Во всем мире около 50% в структуре общей смертности составляет смертность от сердечно-сосудистых заболеваний (ССЗ), таким образом, занимающих первое место среди всех причин смерти.
Связь атеросклероза с ухудшением демографической ситуации в большинстве развитых стран мира была осознана еще в середине прошлого века. Именно с 60–х годов повсеместно были инициированы программы по борьбе с атеросклерозом, и результат не замедлил сказаться. Уже с начала 70–х годов XX века в большинстве экономически развитых стран Европы, США уровень общей смертности и смертности от ССЗ стал неуклонно снижаться. Этот процесс продолжается и в настоящее время. На начало нового столетия средняя продолжительность жизни в большинстве стран Евросоюза составляет около 80 лет. Увы, в России, Украине и многих других странах СНГ ситуация прямо противоположная. Смертность от ССЗ остается на высоком уровне, тогда как средняя продолжительность жизни мужчин не достигает 60 лет, т.е. пенсионного возраста.
Согласно данным Территориального органа Федеральной службы государственной статистики по Нижегородской области, смертность отССЗ за 2009 года составила 37 472 человека, занимая первое место среди всех причин смерти. Все это подтверждает исключительную важность мероприятий по профилактике, раннему выявлению и адекватному лечению ССЗ.
Цель нашей работы – оценка экономической целесообразности внедрения государственной программы проведения гиполипидемической терапии (ГЛТ) на территории Нижегородской области.
Для достижения поставленной цели нами были решены следующие задачи: проведена оценка эффективности статинов на основе мета-анализарандомизированных клинических испытаний (РКИ); проанализированы экономические и эпидемиологические данные, характеризующие изучаемую популяцию; определены затраты на ГЛТ (с учетом прямых и косвенных затрат); разработана математическая модель прогнозирования экономической выгоды от внедрения государственных программ; дана оценка целесообразности внедрения государственной программы по проведению ГЛТ на территории Нижегородской области.
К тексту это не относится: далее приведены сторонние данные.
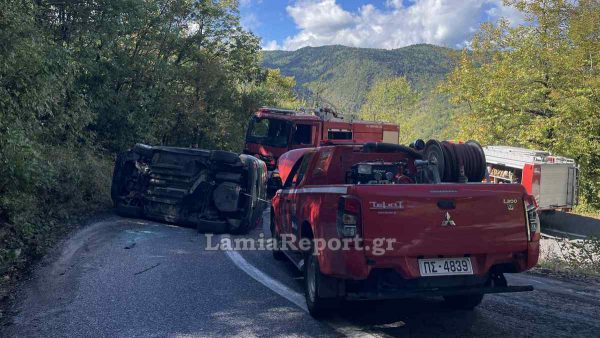 Φθιώτιδα: Ανατράπηκε στη μέση του δρόμου - Επιχείρηση απεγκλωβισμού του ζευγαριού που επέβαινε στο αυτοκίνητο (ΦΩΤΟ)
В работе впервые описана методика математического моделирования для обоснования целесообразности проведения терапии с учетом научных данных и реальных условий. Для этого нами предложен алгоритм пересчета эффективности терапии в сохраненные годы жизни. При определении оптимальных препаратов нами использован инкрементальный метод анализа приращения выгоды, что ранее не использовалось в фармакоэкономическом анализе методом "затраты-выгода".
Нами проведен анализ терапевтической эффективности шести зарегистрированных на территории Российской Федерации оригинальных препаратов статинов с использованием жестких (снижение общей и сердечно-сосудистой смертности) и мягких (влияние на липидные показатели) критериев. Таким образом, была проанализирована информация о 26 РКИ по 6 зарегистрированным оригинальным препаратам группы ингибиторов ГМГ-КоА-редуктазы, включивших 174 247 участников в возрасте 52-67 лет и длительностью терапии составляла от 2,4 до 5,6 лет.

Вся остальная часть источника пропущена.